→ **Brief**: Copy task for the material below: print the line with "Lumbar Vertebrae Anatomy Xray" and every line after it to the end, exactly as written, without the pictures.
-- Provided entries follows --
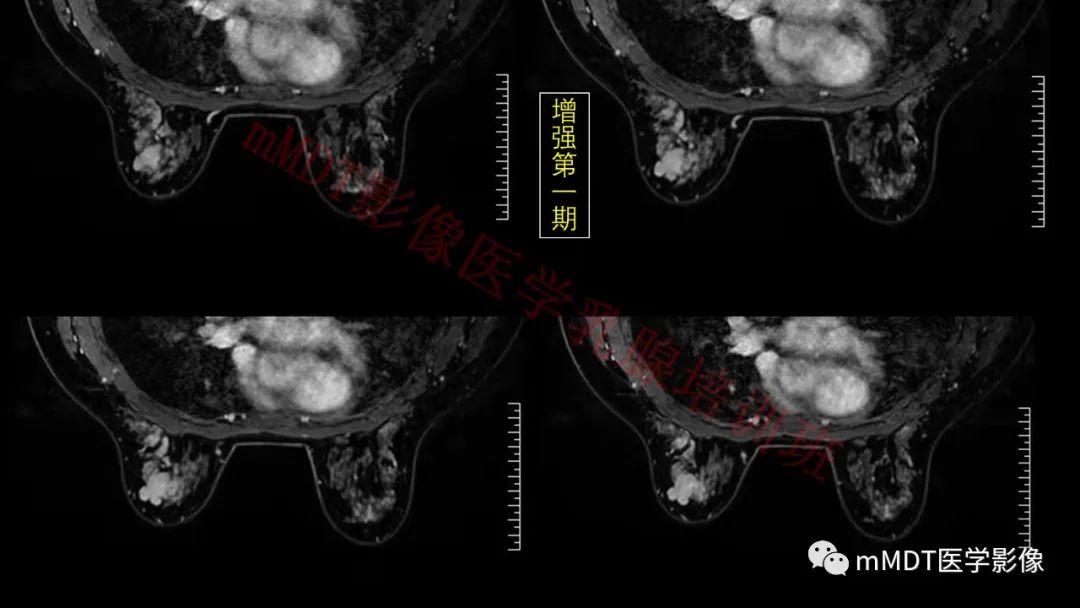 影像PPT - 【PPT】乳腺MRI诊断-134 影像PPT - 【PPT】乳腺MRI诊断-134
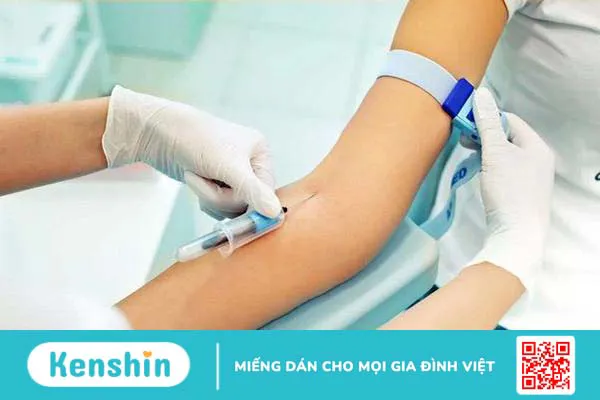 Quy trình thực hiện xét nghiệm hồng cầu lưới 2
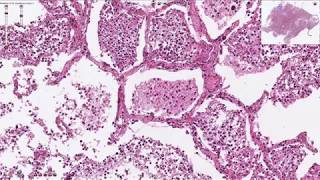 Histopathology  Bronchopneumonia [upl. by Elton]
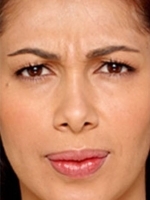 Botox Before & After Gallery - Patient 20492644 - Image 1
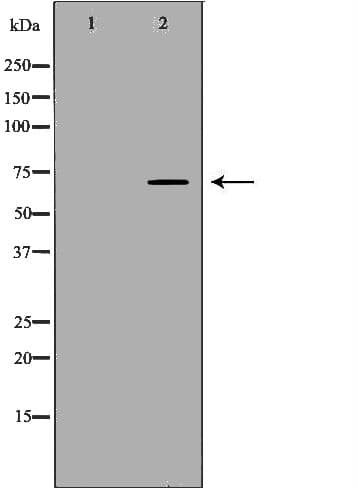 BTRCP / BETA-TRCP Antibody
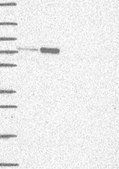 Anti-KIF22 antibody produced in rabbit Prestige Antibodies&#174; Powered by Atlas Antibodies, affinity isolated antibody, buffered aqueous glycerol solution
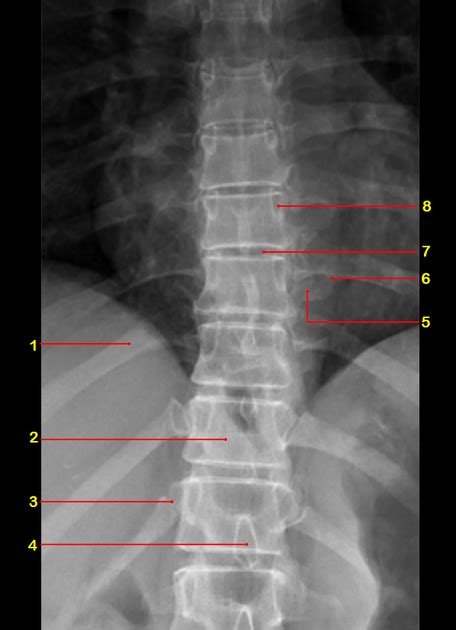 Lumbar Vertebrae Anatomy Xray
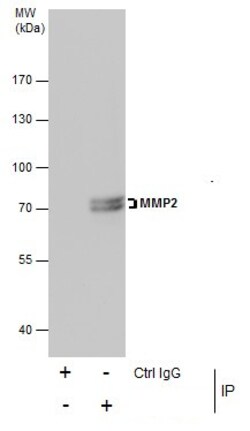 Invitrogen MMP2 Polyclonal Antibody 100 &mu;L; Unconjugated:Antibodies,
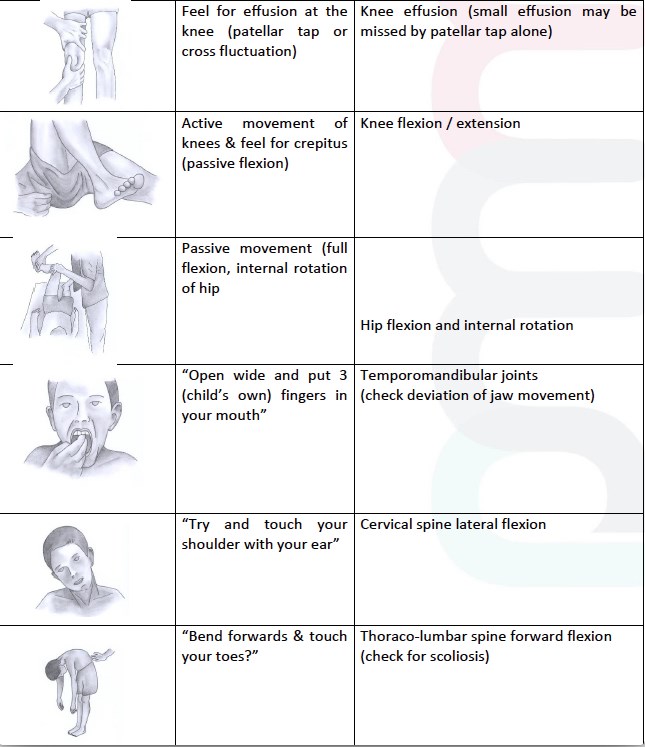 PGALS Steps (graphic) | Doctor - PMM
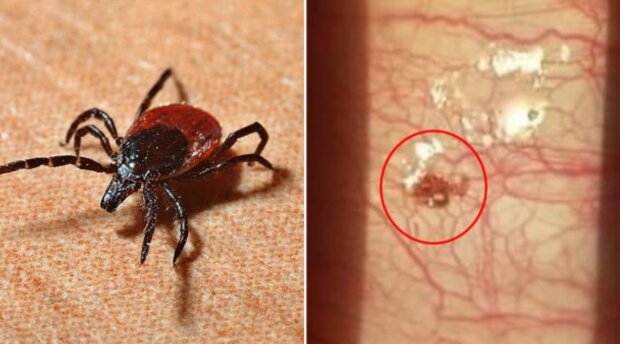 Kleszcz w oku/goodtimes.my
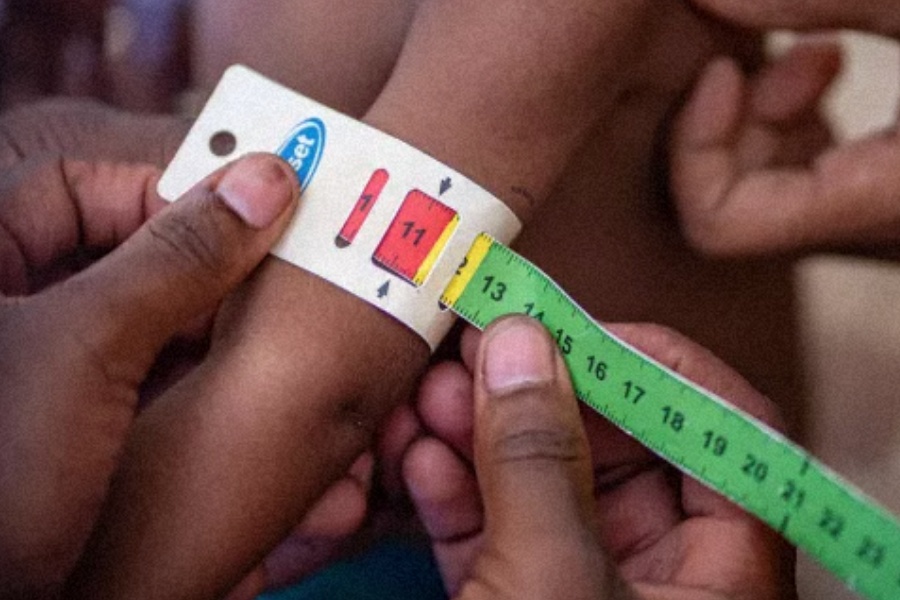 बाँकेका सबै स्थानीय तहमा कुपोषणका बालबालिका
-- Provided entries concluded --
→ **Solution to this exercise**:
 Lumbar Vertebrae Anatomy Xray
 Invitrogen MMP2 Polyclonal Antibody 100 &mu;L; Unconjugated:Antibodies,
 PGALS Steps (graphic) | Doctor - PMM
 Kleszcz w oku/goodtimes.my
 बाँकेका सबै स्थानीय तहमा कुपोषणका बालबालिका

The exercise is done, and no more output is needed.